The Urban Soundscapes of the World database currently contains about 130 high-quality audiovisual recordings performed within 9 cities worldwide; more recordings are underway. One-minute fragments are available online. Contact us in case you need fragments of longer duration. The recordings are free to use for research and educational purposes.
Each recording consists of a 360-degree video file (4096 x 2048 resolution, 30 fps), a 4-channel first-order ambisonics (ACN/SN3D) audio file and/or a binaural audio file. All audio files have a sample rate of 48 kHz and are 24-bit PCM encoded. All audio and video files are time-synchronized. A YouTube preview is available for all recordings.
Recordings are made during the day, in favorable weather conditions with little to no wind. Note that the recordings always present a snapshot in time.
Combined and simultaneous audio and video recordings are performed using a portable, stationary recording setup as shown on the picture. The setup consists of the following components (from top to bottom):
- First order ambisonics: Core Sound TetraMic with windshield and Tascam DR-680 MkII 4-channel recording device;
- 360-degree video camera: GoPro Omni spherical camera system.

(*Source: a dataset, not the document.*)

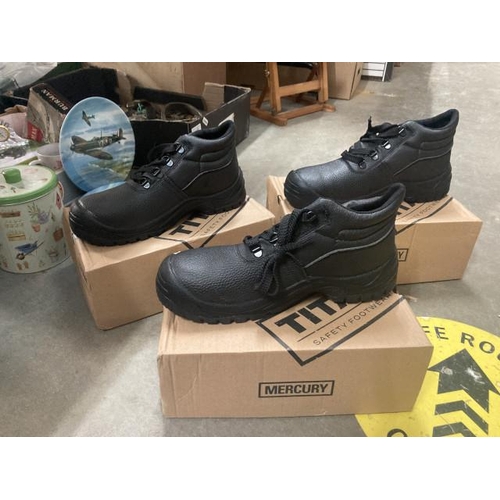 568 - 3 boxed pairs of Mercury safety shoes NEW sizes 7, 9 & 10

- Binaural audio: HEAD acoustics HSU III.2 artificial head with windshield and SQobold 2-channel recording device;
The ears of the artificial head, the video camera system and the ambisonics microphone are located at heights of about 1.5m, 1.7m and 1.9m, respectively. The recording setup is highly portable and takes only about 10 minutes to assemble/disassemble.
At each location, the recording system is oriented towards the most important sound source and/or the most prominent visual scene—this orientation defines the initial frontal viewing direction for the 360-degree video and ambisonics recordings, and the fixed orientation for the binaural recordings.
All audio files are calibrated to the same reference, so once you have your playback setup calibrated, it can be used to play all files. The Excel file below contains the one-minute LAeq values of the binaural recordings (average of left and right channel and left and right channels separately). These values are the most representative for the LAeq at the location.
The second column presents the LAeq of the mono mix (superposition) of both left and right channels of the binaural recording. Note that this is not necessarily the same as the (energetic) average of the LAeq’s of both left and right channels separately, because both channels are to some degree correlated (depending on the diffuseness of the sound field). This explains why the (energetic) average of the third and fourth column will not always exactly correspond to the value in the second column, but the difference is usually small. Roughly speaking, the larger the difference, the more the sound at both ears is correlated.
More details on the recording setup and protocol can be found in our publications. Note that some publications contain LAeq values that were calculated from the ambisonics recordings (W channel). There is not really a standard way of calculating LAeq values from ambisonics recordings, so these are maybe less suitable to use in most cases.